Come si pone di fronte a questa questione la comunità scientifica? 

C’è un dibattito molto acceso. All’ultima conferenza internazionale della Association for Computational Linguistic (ACL), lo scorso agosto a Bangkok, c’è stato un intero workshop dedicato a questo tema. Prevale la tendenza a pensare: chi siamo noi, singoli scienziati, per giudicare quando è giusto correggere un bias? Noi siamo pronti con gli strumenti, siamo in grado di modificare i modelli in modo da annullare l’effetto di certe associazioni, ma il linguaggio naturale è espressione di un sistema cognitivo e sociale, di una cultura. E una cultura ha inevitabilmente dei bias. Per questo la linea di demarcazione tra un bias pericoloso e uno naturale è difficile da tracciare. È necessaria una ricerca transdisciplinare, che coinvolga anche ambiti diversi dall’informatica, come la filosofia e in particolare l'etica, la linguistica, la psicologia, e probabilmente altre.

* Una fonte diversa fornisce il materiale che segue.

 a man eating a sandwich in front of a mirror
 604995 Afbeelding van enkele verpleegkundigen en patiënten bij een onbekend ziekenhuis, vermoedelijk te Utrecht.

Valerio Basile, Silvia Casola (al centro) e Cristina Bosco (a sinistra)
Valerio Basile con Cristina Bosco (Università di Torino) e Silvia Casola (LMU Munich), premiati alla Conferenza ACL 2024

Lei è arrivato a Torino sei anni fa dall’Università di Groningen, in Olanda, proprio per occuparsi di hate speech (linguaggio d’odio): ora su cosa sta lavorando?

Da qualche anno ho iniziato una linea di ricerca con un approccio al Natural Language Processing chiamato “prospettivista”, che propone di creare modelli di linguaggio capaci di distinguere la diversità di prospettive derivanti da fattori umani, culturali, sociali, come anagrafica (età, genere), ma anche provenienza geografica, educazione, e così via. Un modello prospettivista è in grado di analizzare un'espressione linguistica da vari punti di vista e generare risposte appropriate all'interlocutore umano. Il nostro obiettivo è creare una AI più vicina ai bisogni umani, più equa e sensibile alle voci di minoranza. Questa linea di ricerca sta suscitando l’interessa della comunità scientifica: un nostro lavoro sulla modellazione dell'ironia multilingue è stato premiato come "outstanding paper" nella conferenza internazionale ACL dello scorso agosto.